Bulgaria Enters Top 5 UK Property Investors' Nightmares
Bulgaria has been ranked the fourth worst property market to invest in 2011 in a list, compiled to gauge the sentiments of and help Britons make the best investment choice for financial gain.
Bulgaria was once regarded as the 'the new Spain' for overseas investors, but this is no longer the case, Colordarcy consultancy, which carried out the survey, commented.
"Property prices are in freefall and with the exit of British and Irish buyers, Russian investors now dominate the market and their strong bargaining skills result in continued falling prices," it adds.
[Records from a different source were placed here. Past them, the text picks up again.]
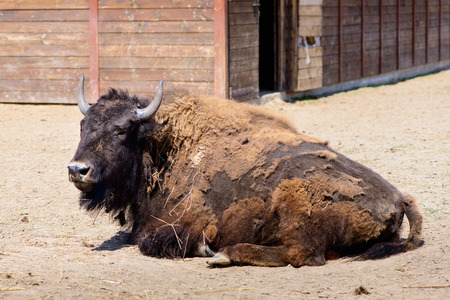 American bison at the zooの写真素材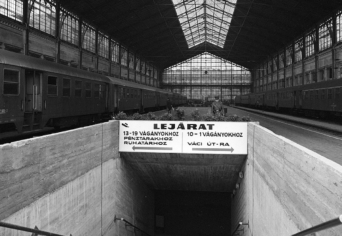 HOGY LEHET A NEVE „KUKI”?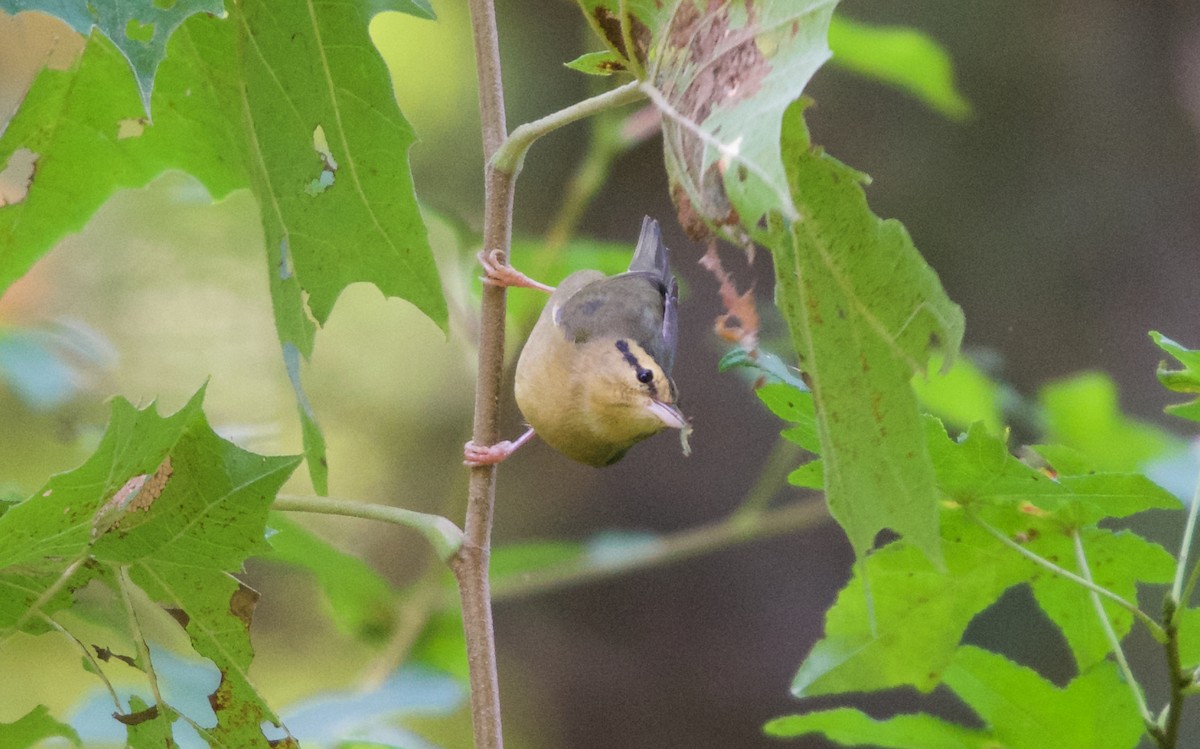 Worm-eating Warbler - Hal Mitchell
The report says that for many investors lured into coastal and Bansko ski properties with no exit in sight, the dream came to a sorry end.
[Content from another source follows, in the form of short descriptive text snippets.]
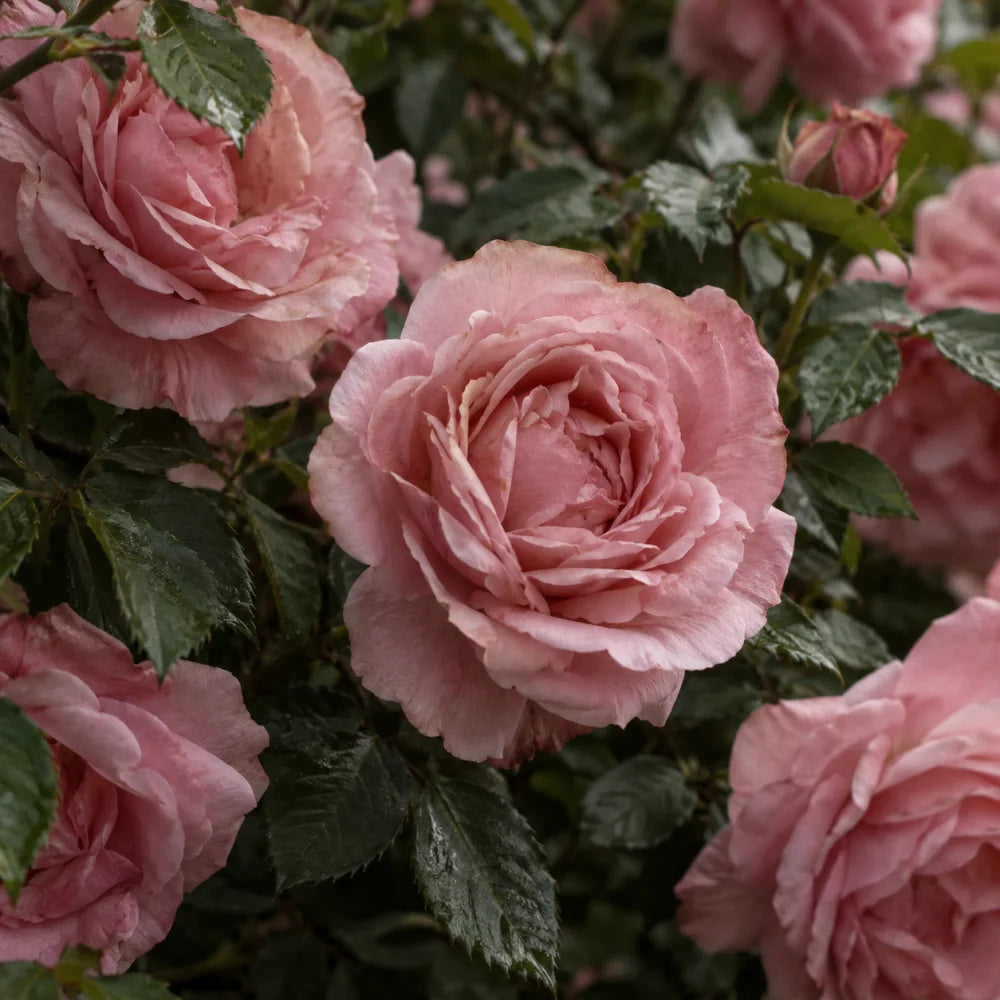 Rose — heart notes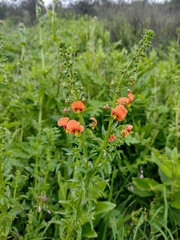 Alonsoa meridionalis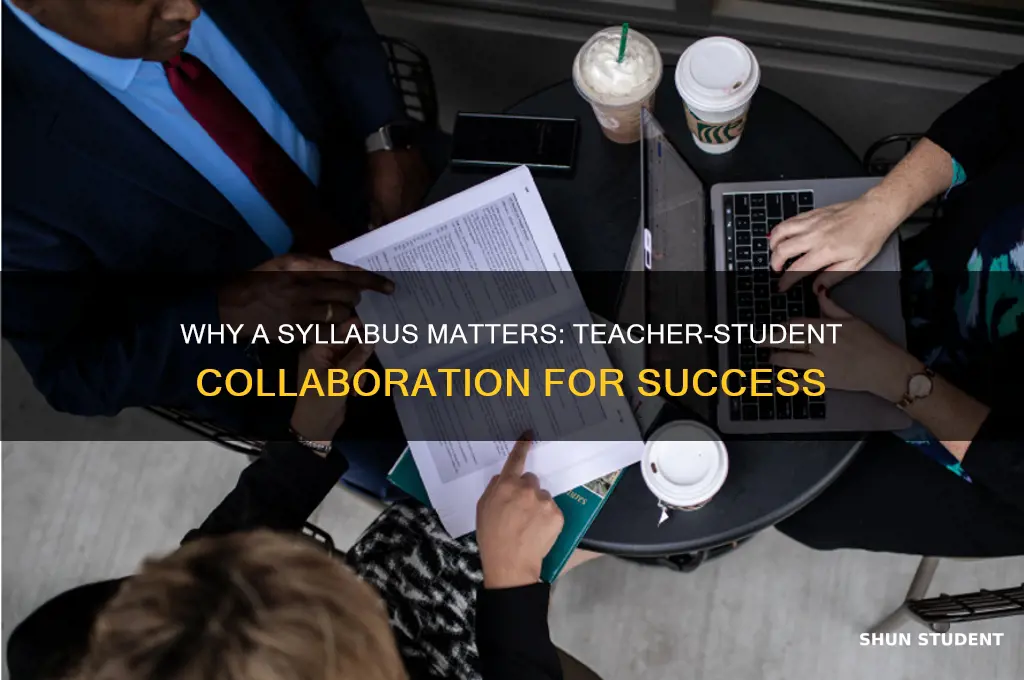 who needs a syllabus teacher student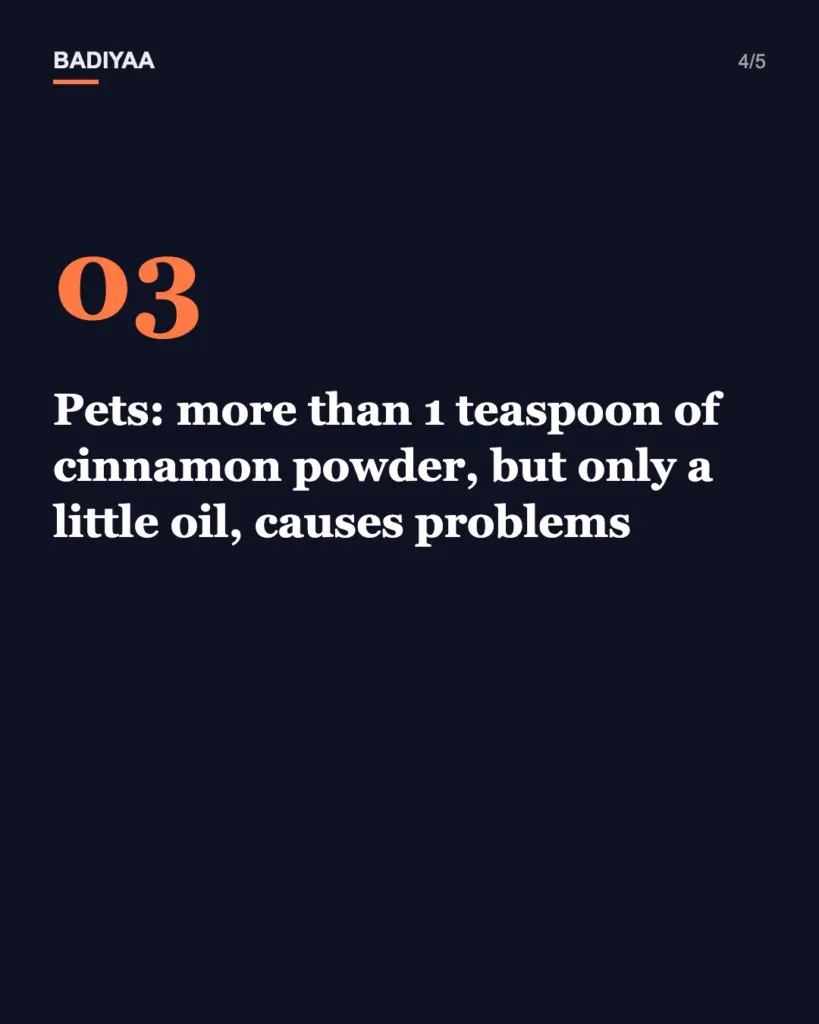 Slide 4 of 5: Simmering orange peels with cinnamon at home is trending again: what the pot does and the pet risks vets flag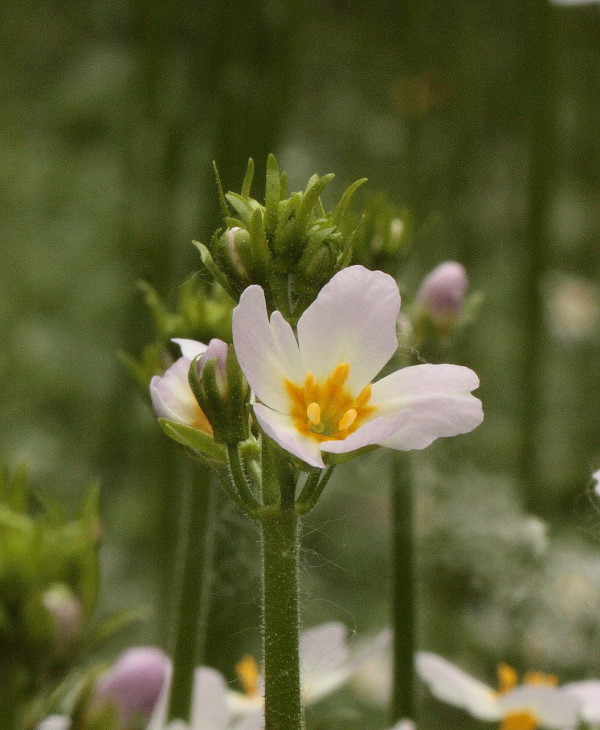 Hottonia palustris L. / Erba scopina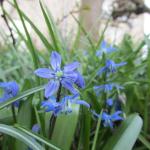 2.IMG_0183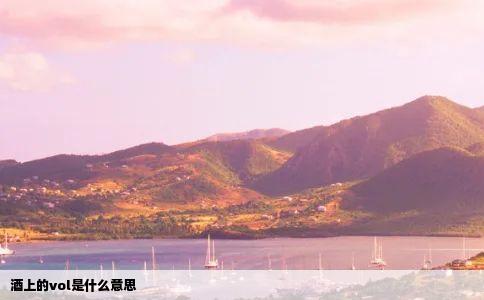 酒上的vol是什么意思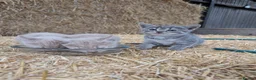 Mixed Breed cats for sale: 2 male farm kittens  in Stranraer - Advert 7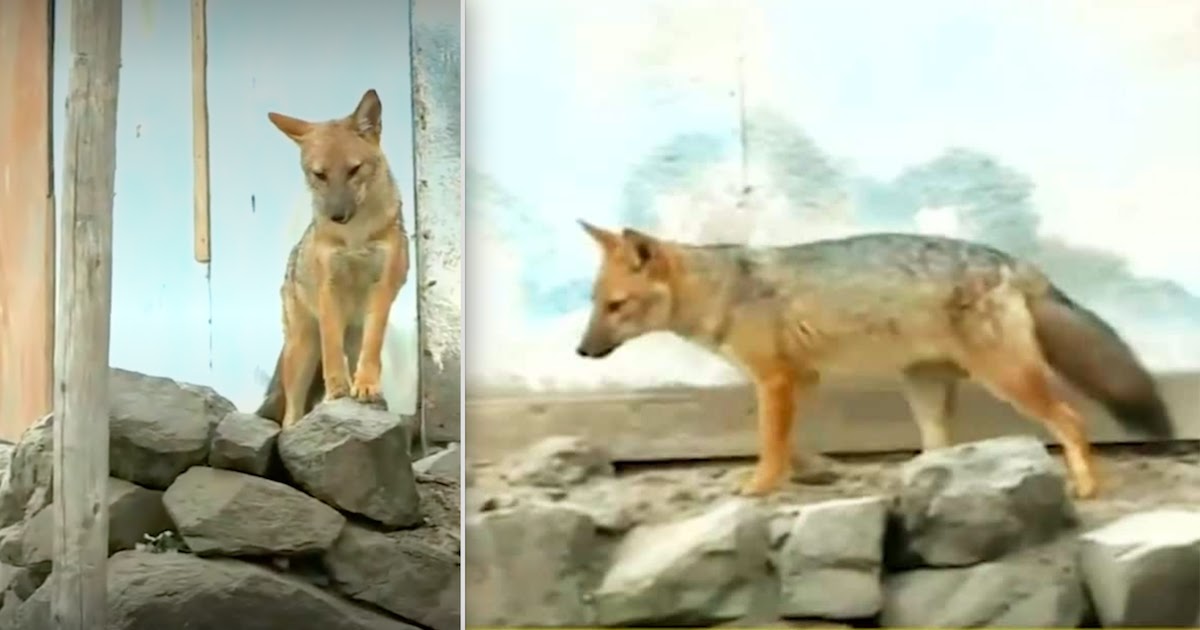 Family In Peru Buys Dog That Turns Out To Be An Andean Fox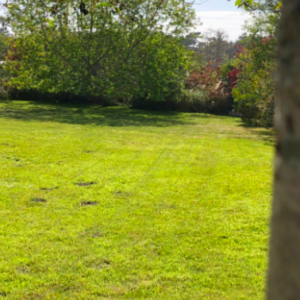 Commercial and residential lawn maintenance services in Mendocino County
"They'd have been better off buying a beach hut in Bournemouth as many will no doubt be trapped in a plummeting property market with no resale market insight and a country experiencing severe economic difficulties – hardly a recipe for property investment success."
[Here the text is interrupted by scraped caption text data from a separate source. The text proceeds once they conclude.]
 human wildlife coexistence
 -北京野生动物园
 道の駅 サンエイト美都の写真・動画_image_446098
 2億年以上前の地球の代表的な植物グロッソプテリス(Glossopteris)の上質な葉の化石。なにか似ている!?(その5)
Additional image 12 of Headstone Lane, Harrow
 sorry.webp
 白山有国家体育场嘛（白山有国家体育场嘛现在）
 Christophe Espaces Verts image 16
Meanwhile the capital Sofia was subject to huge foreign investor interest in 2007, but the ensuing bubble has long since burst.
"There is virtually no resale market as developers can't even sell new property," Colordarcy survey points out.
Ireland is the worst place to buy a second home under the sun for Britons, according to the ranking.
"Once the envy of the world when the property markets boomed between 2000 and 2006, the sheer scale of their downward spiral becomes apparent when one recognizes that apartment prices fuelled by yet another painful 15% fall in 2011 are now down by a massive 60% from their peak," the agency says.
In second place is Cyprus, a long time favurite with British investors, but now even its biggest advocates are losing interest.
"A stagnant economy and its vulnerability to the Greek crisis with two of its largest banks exposed to a total of EUR 5 B doesn't bode well," Colordarcy experts forecast.
Greece comes in third in the ranking with a debt to the tune of EUR 340 B and property prices falling by 10% in the first half of 2011 alone.
In fifth place was the Czech Republic where annual property price increases of between 20 to 30% are a distant memory and now a combination of high prices, oversupply and some of the lowest rental yields in Europe have made this a property investor's bohemian nightmare.
The company points out that for a property market to be of interest to savvy investors it needs a stable economy, good capital growth prospects, a reliable rental market and accessibility to mortgage finance to make it viable.
The interesting thing about this current property slump in Europe is that it has spread to all areas from the emerging capitals of Central and Eastern Europe, to popular coast and ski resorts.
The analysts say there are now unprecedented opportunities to invest in the types of housing that would have been unthinkable back at the peak of the market in 2008, but mostly beyond Europe's borders and the US.